2024 ELGI Academic Awardを受賞

ELGI(European Lubricating Grease Institute、欧州グリース協会)が主催する34回目の年次大会(2024年4月20~23日、スペイン・マドリード)において、潤滑油研究開発部グリースグループ酒井さんが “Neutron imaging technique for understanding urea type grease fluidity inside bearings” と題し、中性子イメージングという手法を用いてグリースの流動性に関する研究の口頭発表を行ったところ、2024 ELGI Academic Awardに選出されました。同賞は、欧州で開催されるグリース関連分野において最も著名な国際学会の一つである本学会で行われた約20件の発表の中から、研究内容、プレゼンテーションの質、オリジナリティ、技術的革新などの複数の観点から審査され、優れた発表に授与されるものです。

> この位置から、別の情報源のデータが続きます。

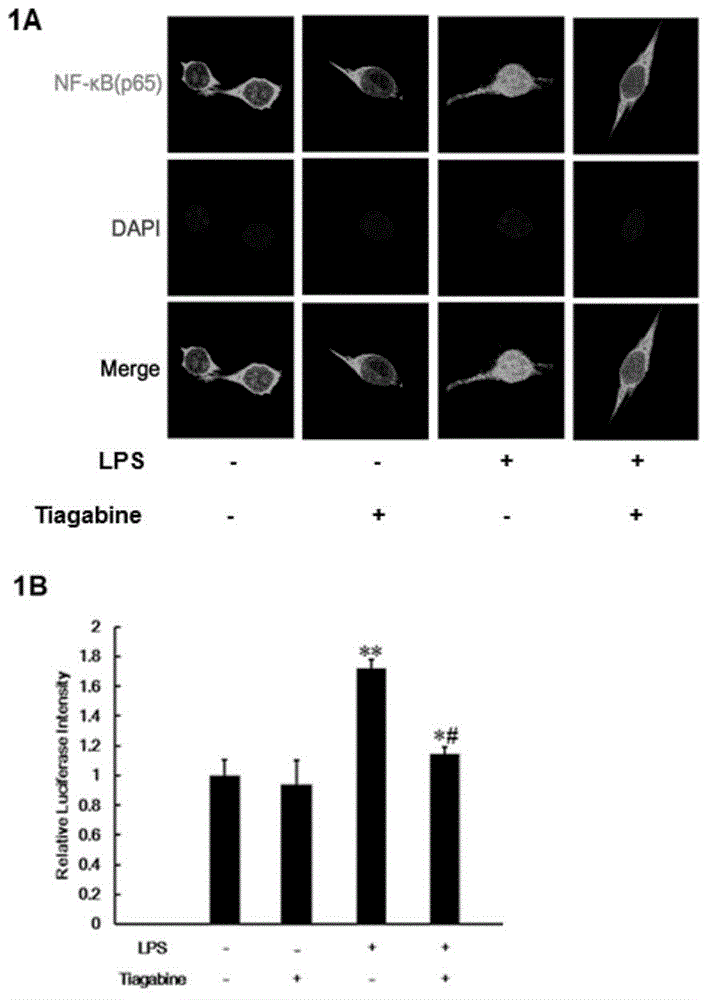 Applications of tiagabine in preparing medicines for treating dopaminergic neuron injuries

本研究は、最先端の高度研究施設「J-PARC」(大強度陽子加速器施設:Japan Proton Accelerator Research Complex)の物質・生命科学実験施設においてエネルギー分析型中性子イメージング装置「RADEN」を用いた実験により、回転試験前後の金属製軸受内グリースの流動状態を非破壊で可視化することで、軸受内グリースの流動状態を解析したものです。観察結果に対し、中央技術研究所ソリューションセンター解析グループの協力のもと、詳細な画像解析を行うことにより、各種のグリースの軸受性能とその流動性の相関を明らかにしました。
地球規模での低炭素化が進む背景の中、グリース潤滑に期待される省エネ・長寿命性といったニーズは高まっており、今回の知見や技術を今後のグリース開発に活かしてまいります。